§ **REQUIRED ACTION**: Would you retype exactly the lines below, starting with the one that has "Priest Reading the" and going on through the one that has "Tracer X Widowmaker Double Buttjob", with no pictures and nothing else?

§ **DATA SUPPLIED**:
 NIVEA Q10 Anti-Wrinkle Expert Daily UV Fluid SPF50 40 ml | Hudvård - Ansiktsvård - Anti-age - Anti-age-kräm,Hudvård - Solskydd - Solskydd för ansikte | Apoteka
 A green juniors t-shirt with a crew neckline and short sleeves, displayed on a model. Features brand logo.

...

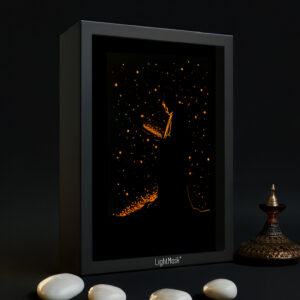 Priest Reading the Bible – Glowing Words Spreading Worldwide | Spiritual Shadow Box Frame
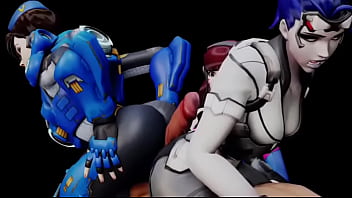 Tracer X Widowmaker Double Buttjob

--

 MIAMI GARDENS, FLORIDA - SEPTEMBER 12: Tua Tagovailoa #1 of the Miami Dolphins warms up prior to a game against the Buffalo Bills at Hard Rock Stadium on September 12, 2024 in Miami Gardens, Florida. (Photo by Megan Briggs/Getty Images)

§ **EXERCISE OUTPUT**:
 Priest Reading the Bible – Glowing Words Spreading Worldwide | Spiritual Shadow Box Frame
 Tracer X Widowmaker Double Buttjob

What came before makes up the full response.